In high conflict separation and divorce, parents’ unconscious conflicts are projected into arguments about the children resulting in interminable struggles negatively impacting the children and leading to years of litigation. The presenters will explain how using psychoanalytic ideas in early intervention treatment can support these families in understanding and implementing new behaviors. Kathy Sinsheimer will introduce four psychoanalytic concepts used to help families with Resist Refuse Dynamics improve fractured relationships and assist them in building a more resilient, live “family state of mind”. Dana Iscoff will describe how the shared creation of a parenting plan, while addressing underlying psychological vulnerabilities, can serve as a transitional object.

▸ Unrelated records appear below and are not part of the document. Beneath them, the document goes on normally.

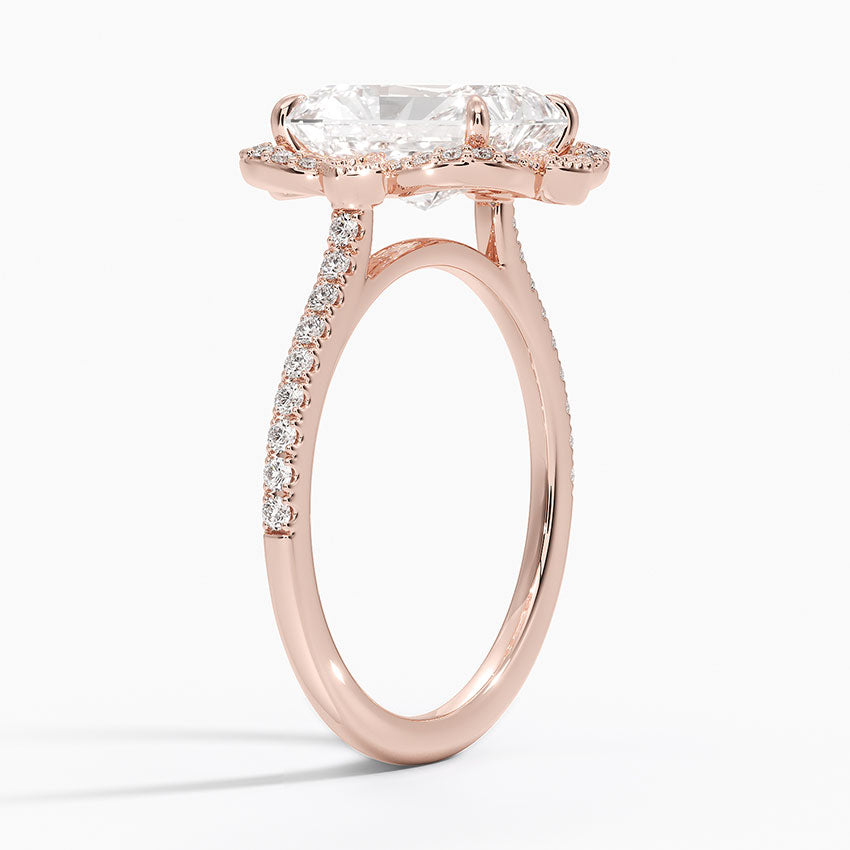 Nelly Vintage Accents (Round Side Stones) Lab Diamond Ring in 18K Gold - Radiant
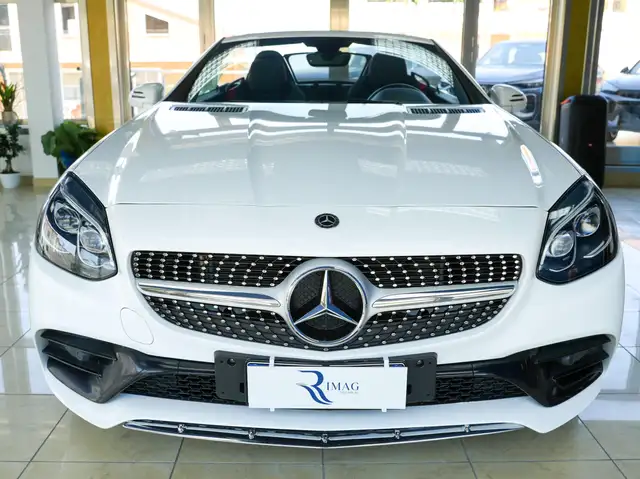 Mercedes-Benz SLC view 2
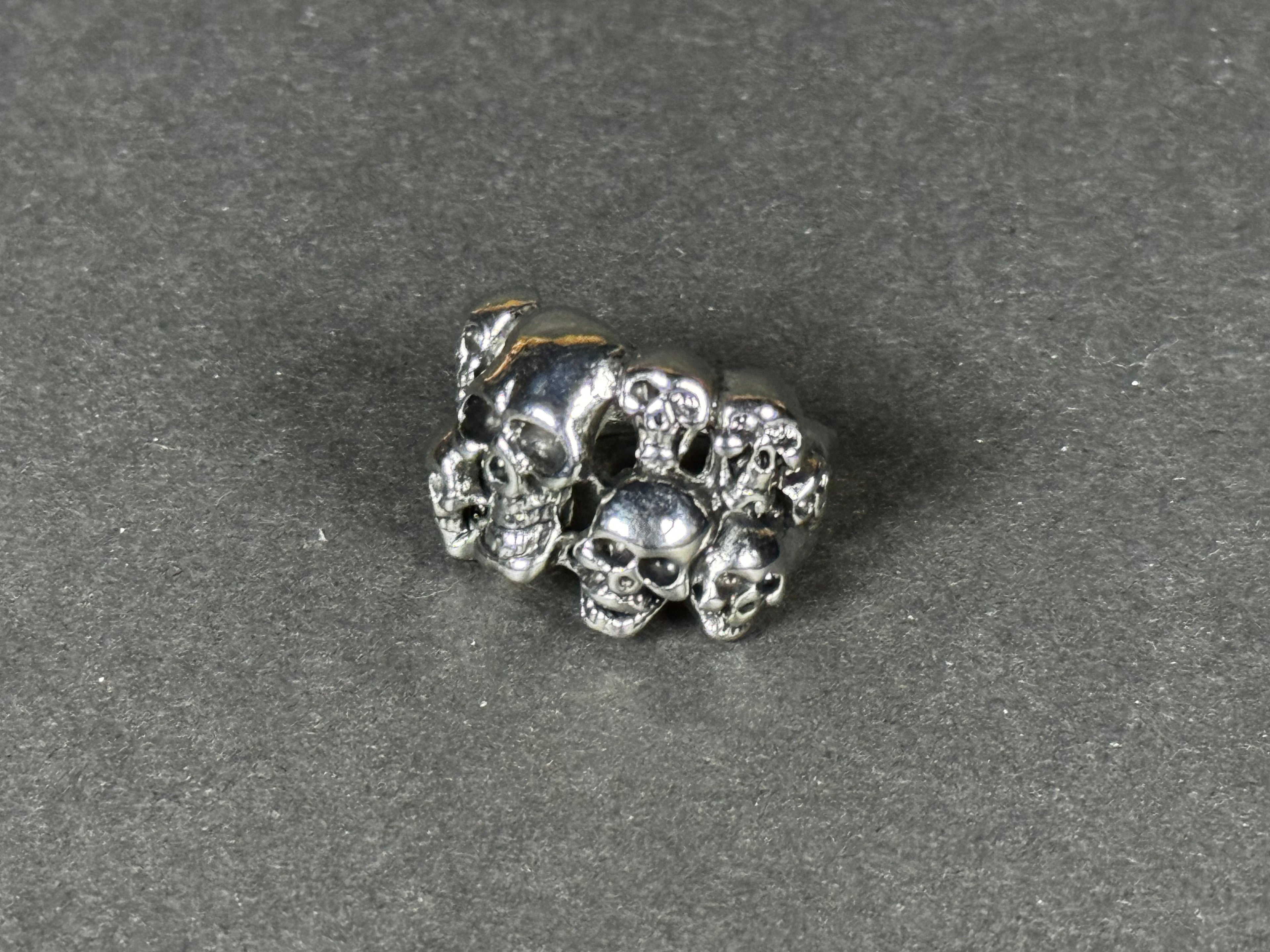 Dead Skulls Ring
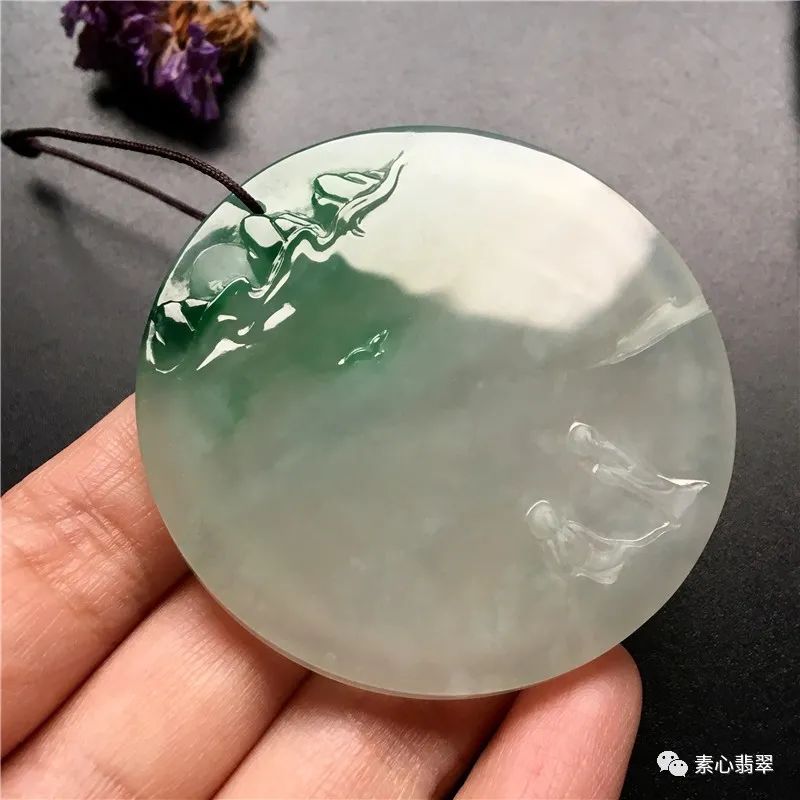 翡翠手镯有杂质影响价值吗_杂质多的翡翠伤身吗_翡翠手镯杂质多值钱吗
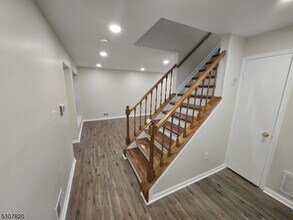 62 S Orange Ave in Newark, NJ - Building Photo - Building Photo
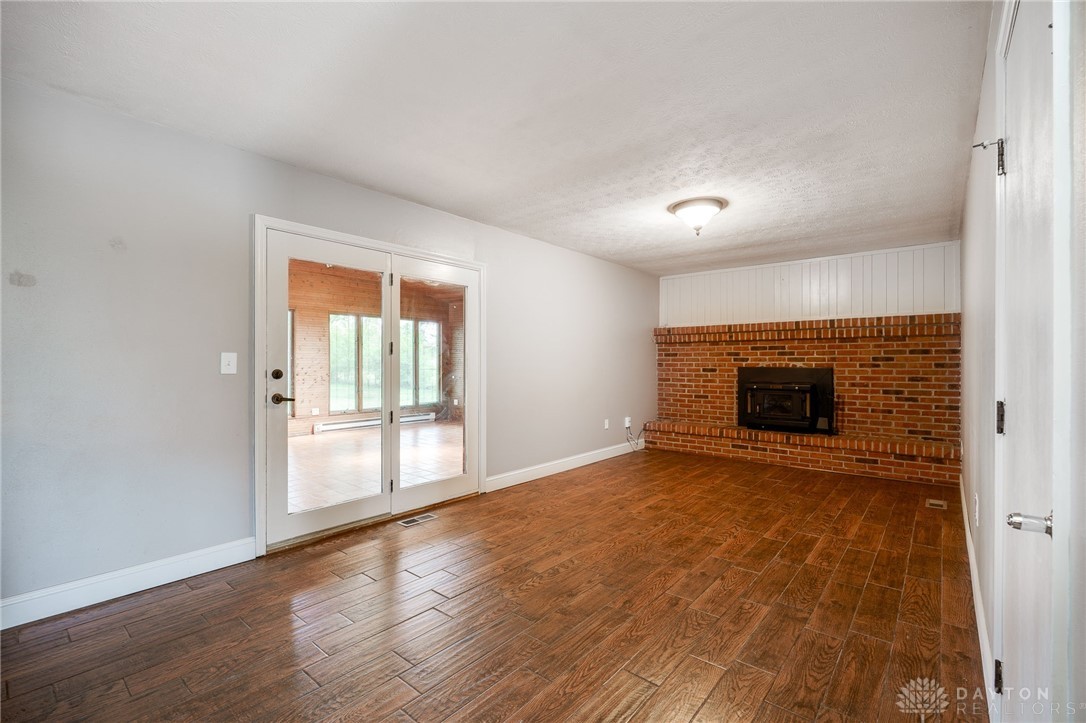 Beavercreek, Ohio 45430, United States, 3 Bedrooms Bedrooms, ,2 BathroomsBathrooms,Residential,Pending,161381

The parenting plan can support and advance the transition for high conflict parents to become cooperative co-parent couples.

Case examples will illustrate how applying psychoanalytic concepts of splitting, projective identification, projective gridlock (explained below), and countertransference (the professional’s response to the family through the professional’s own emotional life), including bias can ameliorate conflict and facilitate growth within families.

Learning Objectives:

  • Attendees will be able to describe three psychoanalytic concepts that they can utilize in helping them better understand the dynamics of the high conflict families.
  • Attendees will develop new, useful ways to think about and provide early intervention strategies with high conflict families.
  • Attendees will be able to analyze and think further about their role in working with high conflict families, and how their actions can affect, and be affected by, their involvement with the family.